Trafic de « servantes » à Beyrouth

 

Ma bibliothèque est décidément un petit bazar de belles surprises. En plongeant hier nuit dans mes vieux archives sur la criminalité transnationale organisée, je suis tombée  sur ce travail  de Marie-Odile Favre, qui en 1998 avait suscité de vives réactions. Je me suis tout de suite mise à chercher la version numerique.Oui, le problème du trafique de servantes est loin d’être récent. Mameediarra avait il y a quelques semaines brillamment pose le débat,  sur lequel je ne vais pas revenir. Cet article de Marie-Odile y apporte un « dernier mot »incontestable. Il montre, d’ailleurs, que les Sénégalaises, les Éthiopiennes et les femmes originaires d’Afrique «sub-sahélienne»  ne sont pas les seules  concernées par ce phénomène effarent.

Mais la motivation de publier cet article n’est pas de revenir sur un débat amplement résolu concernant les pratiques de certaines sociétés.  En voyant la nationalité sénégalaise mentionnée, ne serait ce qu’une fois, dans ce texte en termes de valeur marchande, je vacillais entre colère et désespoir. Mais ces sentiments ne se référaient  pas aux sociétés accusées de ces pratiques inhumaines. Le débat que je veux poser, loin vouloir perdre notre temps à dénoncer les tares d’autres sociétés et nations, j’attribue toute cette responsabilité a cette nation qui est la notre. Comment le Sénégal en est-il arrivé là, à servir de marché de main-d’œuvre domestique facile à d’autre pays, même ceux gangrénés par la guerre civile et qui peinent a se reconstruire de manière stable ? Comment ce pays a-t-il pu faillir dans son devoir de garantir à ses enfants un standard social minimal, permettant à ces derniers de s’interdire de telles situations à l’extérieur ? Il serait bien léger de rétorquer de spontanément l’argument des faibles performances économiques du pays. Les scandales financiers de cette dernière décennie attestent aisément de ce que le partage des ressources de la nation revêt une dimension éminemment éthique et morale, bien plus que les contraintes économiques et financières de la politique sociale. Je crois qu’il est vraiment temps qu’un débat sur la dignité du citoyen sénégalais, ou qu’il se trouve et de tout être humain se trouvant dans notre territoire doit vraiment être posé.

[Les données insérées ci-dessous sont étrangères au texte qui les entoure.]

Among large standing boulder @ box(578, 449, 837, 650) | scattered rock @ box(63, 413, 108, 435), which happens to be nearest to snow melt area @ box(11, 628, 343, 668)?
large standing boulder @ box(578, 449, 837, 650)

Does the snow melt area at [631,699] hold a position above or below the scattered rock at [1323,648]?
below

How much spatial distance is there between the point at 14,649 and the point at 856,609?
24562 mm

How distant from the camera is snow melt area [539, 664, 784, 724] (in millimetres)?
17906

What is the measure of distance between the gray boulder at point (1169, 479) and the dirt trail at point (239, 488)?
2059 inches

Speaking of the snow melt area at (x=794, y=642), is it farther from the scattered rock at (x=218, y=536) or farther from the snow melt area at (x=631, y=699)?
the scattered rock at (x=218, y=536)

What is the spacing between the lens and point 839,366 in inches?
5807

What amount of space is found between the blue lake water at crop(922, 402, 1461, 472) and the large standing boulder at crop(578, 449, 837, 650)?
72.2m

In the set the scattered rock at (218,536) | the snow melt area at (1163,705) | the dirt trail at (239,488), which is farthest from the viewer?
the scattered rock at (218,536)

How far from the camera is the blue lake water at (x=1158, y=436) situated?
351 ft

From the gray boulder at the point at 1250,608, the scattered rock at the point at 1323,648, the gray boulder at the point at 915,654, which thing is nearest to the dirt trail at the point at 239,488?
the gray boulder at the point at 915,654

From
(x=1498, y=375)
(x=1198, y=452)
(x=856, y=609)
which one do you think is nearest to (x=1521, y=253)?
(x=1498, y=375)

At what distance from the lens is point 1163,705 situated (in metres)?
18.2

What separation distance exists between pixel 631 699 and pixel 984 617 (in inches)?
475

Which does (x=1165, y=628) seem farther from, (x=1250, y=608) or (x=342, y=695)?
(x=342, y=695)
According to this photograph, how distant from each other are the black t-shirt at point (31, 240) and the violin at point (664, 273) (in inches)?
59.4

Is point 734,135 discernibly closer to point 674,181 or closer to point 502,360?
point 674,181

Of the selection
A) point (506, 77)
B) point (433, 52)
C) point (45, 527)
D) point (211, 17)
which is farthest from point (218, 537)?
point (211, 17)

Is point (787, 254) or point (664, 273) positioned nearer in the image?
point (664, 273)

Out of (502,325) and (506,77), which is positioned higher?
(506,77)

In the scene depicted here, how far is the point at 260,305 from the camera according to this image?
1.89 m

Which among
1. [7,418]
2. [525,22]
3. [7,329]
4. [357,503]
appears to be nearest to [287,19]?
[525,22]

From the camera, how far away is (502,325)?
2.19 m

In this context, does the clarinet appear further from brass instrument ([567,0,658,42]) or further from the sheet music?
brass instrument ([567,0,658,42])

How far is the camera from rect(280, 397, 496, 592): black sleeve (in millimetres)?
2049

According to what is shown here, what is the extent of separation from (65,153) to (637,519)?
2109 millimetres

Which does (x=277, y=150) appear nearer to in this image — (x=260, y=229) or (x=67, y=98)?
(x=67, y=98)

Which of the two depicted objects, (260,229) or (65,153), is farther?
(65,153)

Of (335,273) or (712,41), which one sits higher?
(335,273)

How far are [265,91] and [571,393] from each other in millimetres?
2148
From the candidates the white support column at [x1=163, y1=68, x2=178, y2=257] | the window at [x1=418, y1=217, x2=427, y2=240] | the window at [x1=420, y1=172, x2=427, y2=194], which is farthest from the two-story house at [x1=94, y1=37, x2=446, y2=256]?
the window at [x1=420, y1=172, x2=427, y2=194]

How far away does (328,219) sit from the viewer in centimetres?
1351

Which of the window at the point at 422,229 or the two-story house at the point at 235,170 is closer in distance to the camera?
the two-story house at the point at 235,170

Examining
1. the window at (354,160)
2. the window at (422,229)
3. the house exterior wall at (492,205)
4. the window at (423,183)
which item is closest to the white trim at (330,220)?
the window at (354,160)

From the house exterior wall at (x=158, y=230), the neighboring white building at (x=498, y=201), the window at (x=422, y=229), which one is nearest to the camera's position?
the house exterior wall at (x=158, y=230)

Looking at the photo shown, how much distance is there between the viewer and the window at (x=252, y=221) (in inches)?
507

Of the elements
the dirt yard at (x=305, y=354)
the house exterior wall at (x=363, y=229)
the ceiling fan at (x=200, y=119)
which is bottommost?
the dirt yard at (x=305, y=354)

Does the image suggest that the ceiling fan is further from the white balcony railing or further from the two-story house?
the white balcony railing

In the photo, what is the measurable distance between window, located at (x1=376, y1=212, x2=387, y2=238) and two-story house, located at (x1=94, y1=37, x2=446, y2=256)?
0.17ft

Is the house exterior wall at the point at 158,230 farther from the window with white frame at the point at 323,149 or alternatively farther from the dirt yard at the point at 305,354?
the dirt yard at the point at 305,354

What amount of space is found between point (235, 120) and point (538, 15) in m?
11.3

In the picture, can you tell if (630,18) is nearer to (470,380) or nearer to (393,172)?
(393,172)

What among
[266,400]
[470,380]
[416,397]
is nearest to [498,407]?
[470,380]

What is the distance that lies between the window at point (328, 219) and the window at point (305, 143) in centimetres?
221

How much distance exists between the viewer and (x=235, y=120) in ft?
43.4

Bonne lecture et bonne meditation...

 

 

 

Un article du Monde Diplomatique, juin 1998, par Marie-Odile Favre, .

 

« OFFRE spéciale pour le mois du shopping. Au lieu de 2 000 dollars, on vous remet une bonne sri-lankaise pour 1 111 dollars. » Quelle est donc cette marchandise que l’on brade au Liban ? Hommes, femmes, animaux ou objets ?

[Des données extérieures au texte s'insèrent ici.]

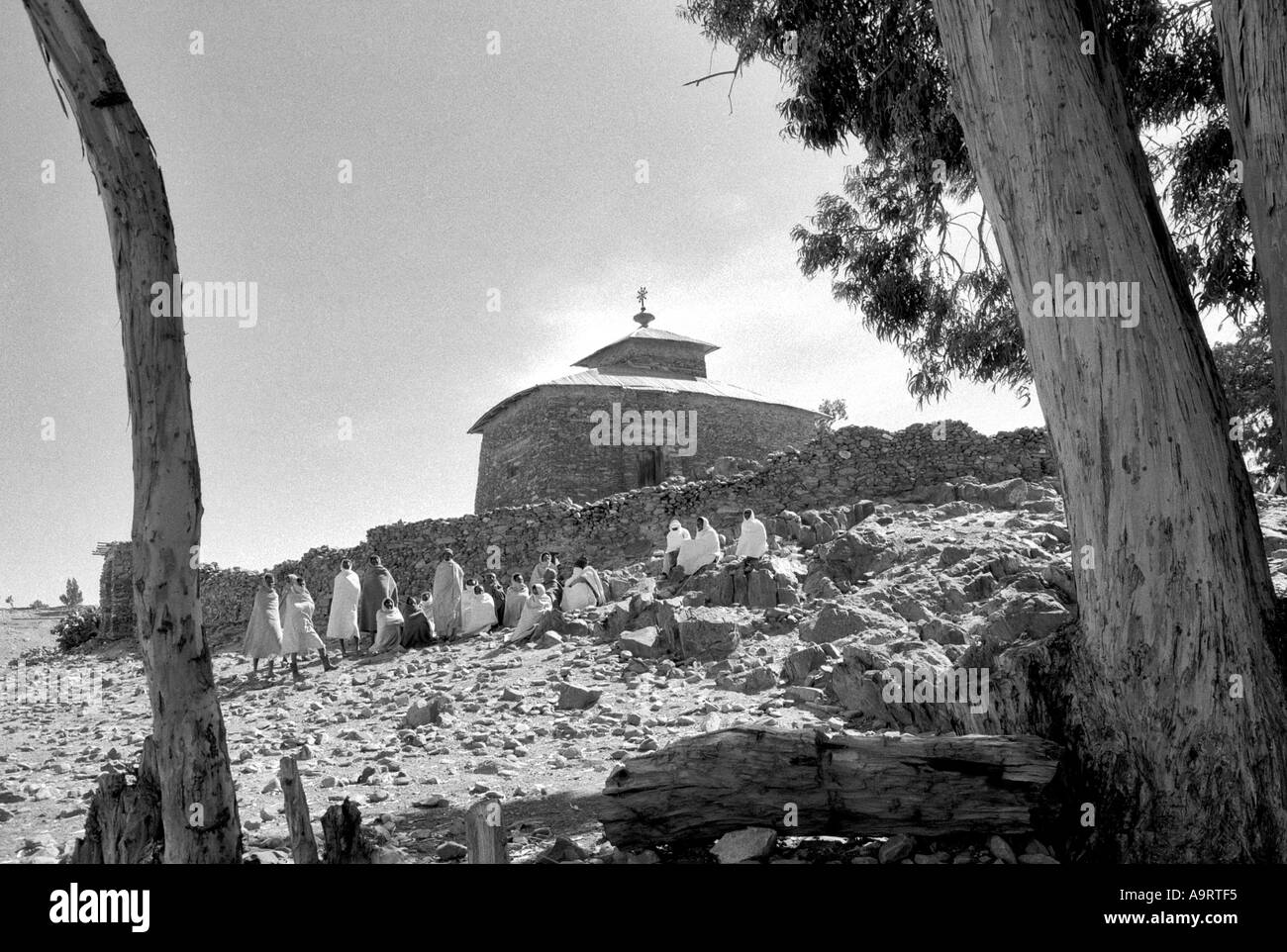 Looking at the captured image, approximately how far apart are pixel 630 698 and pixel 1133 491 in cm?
548

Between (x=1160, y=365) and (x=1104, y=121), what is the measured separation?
124 centimetres

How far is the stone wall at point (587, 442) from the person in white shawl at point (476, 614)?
842 cm

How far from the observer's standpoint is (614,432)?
23031 millimetres

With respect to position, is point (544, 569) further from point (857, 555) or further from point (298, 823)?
point (298, 823)

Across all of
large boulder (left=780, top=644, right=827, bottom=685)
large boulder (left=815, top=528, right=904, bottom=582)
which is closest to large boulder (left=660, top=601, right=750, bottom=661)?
large boulder (left=780, top=644, right=827, bottom=685)

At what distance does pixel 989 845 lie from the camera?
352cm

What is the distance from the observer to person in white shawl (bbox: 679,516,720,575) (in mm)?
12680

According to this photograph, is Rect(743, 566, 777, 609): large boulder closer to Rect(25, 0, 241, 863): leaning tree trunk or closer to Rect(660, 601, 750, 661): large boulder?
Rect(660, 601, 750, 661): large boulder

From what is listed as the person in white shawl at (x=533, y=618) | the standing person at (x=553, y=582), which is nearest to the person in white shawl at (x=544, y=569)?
the standing person at (x=553, y=582)

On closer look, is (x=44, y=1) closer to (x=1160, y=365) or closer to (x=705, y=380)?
(x=1160, y=365)

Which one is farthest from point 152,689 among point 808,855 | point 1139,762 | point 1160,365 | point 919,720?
point 919,720

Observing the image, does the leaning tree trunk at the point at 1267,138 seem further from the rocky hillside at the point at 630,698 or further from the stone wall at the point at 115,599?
the stone wall at the point at 115,599

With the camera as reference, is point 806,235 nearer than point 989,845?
No

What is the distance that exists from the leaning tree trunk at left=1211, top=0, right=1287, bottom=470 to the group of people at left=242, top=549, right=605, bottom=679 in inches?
366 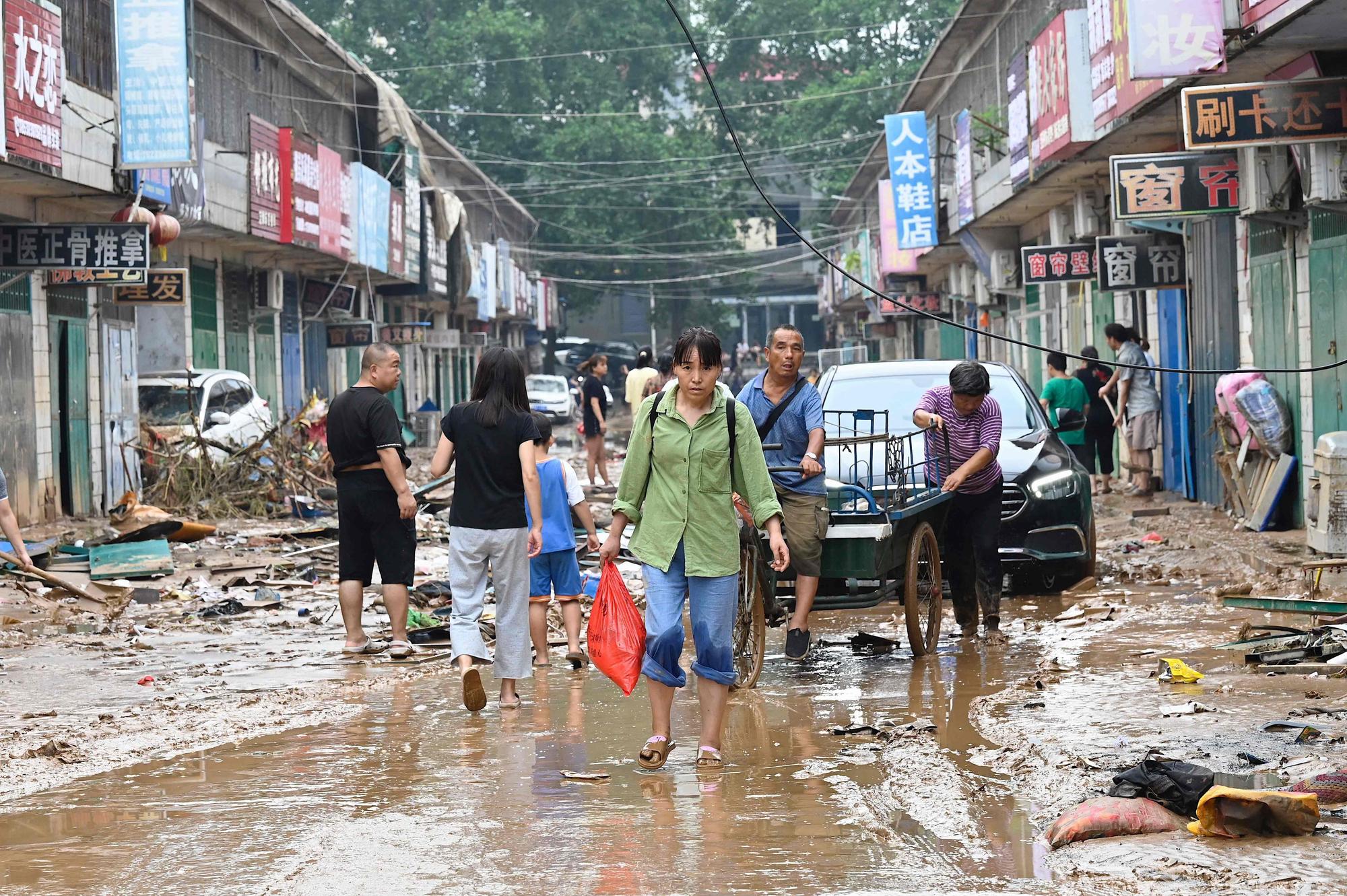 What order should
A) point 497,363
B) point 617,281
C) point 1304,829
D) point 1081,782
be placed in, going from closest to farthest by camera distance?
point 1304,829
point 1081,782
point 497,363
point 617,281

Ce sont bien des êtres humains que propose cette banderole déployée en pleine place publique libanaise. Une publicité qui en a tout de même choqué plus d’un. « Les Sri-Lankaises, nos animaux domestiques » : tel était le titre d’un article consacré par le grand quotidien arabophone An Nahar (1) à la situation des employées de maison au Liban.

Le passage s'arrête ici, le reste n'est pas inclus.